In a crowded grocery industry, hard discounters like Aldi, Ruler Foods and new entrant to the U.S., German grocer Lidl, hope to carve out their niche by providing quality foods at low prices. As it updates its stores and opens new ones, Aldi has chipped away at grocers' market share in key markets. Its prices are 21% cheaper than its competitors, including Wal-Mart. But even though its 2016 sales increased 13.5% worldwide, operating profits dropped 17%, a casualty of the price war.
Unlike Aldi, Lidl is experiencing a bumpier road. It launched in the U.S. market in June with plans to open 100 stores by the end of 2018. But construction plans in certain markets have stalled, according to reports, as Lidl’s store traffic has declined and the company's signature features — including an expansive nonfoods department — have failed to gain traction with shoppers. Lidl was smart to focus on price as well as quality, but it seems to have underestimated customers' loyalty to chains like Kroger, Wal-Mart and Aldi — chains that are well-known in the market, and have the deep pockets to sustain a price war.

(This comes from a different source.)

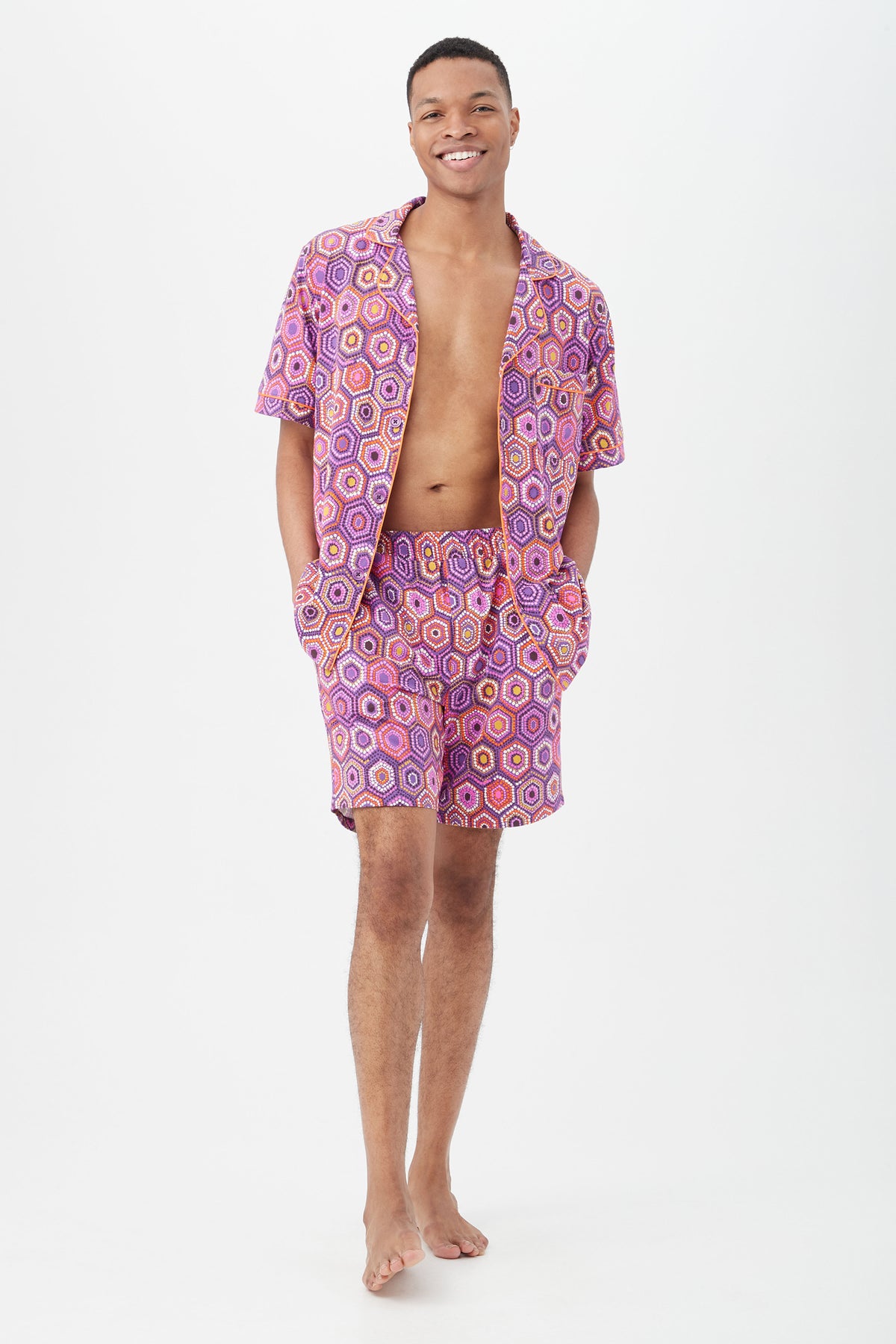 A person stands barefoot against a white background, smiling and wearing the Honeycomb Dots Mens Short Sleeve Boxer Short Jersey PJ Set with a pink and purple geometric pattern, short sleeve button-up top and matching shorts, hands in pockets.
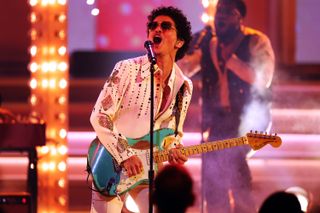 : Bruno Mars of Silk Sonic performs onstage during the 64th Annual GRAMMY Awards at MGM Grand Garden Arena on April 03, 2022 in Las Vegas, Nevada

Ruler Foods could learn from Lidl’s mistakes and continue to stay lean while also building on strengths that will draw customers in for more than just a deep discount, such as customer service, the quality of its fresh produce and differentiating specialty products. With this formula, Ruler Foods and other hard discounters could siphon off customers from larger competitors while also forcing those competitors to change up their operations.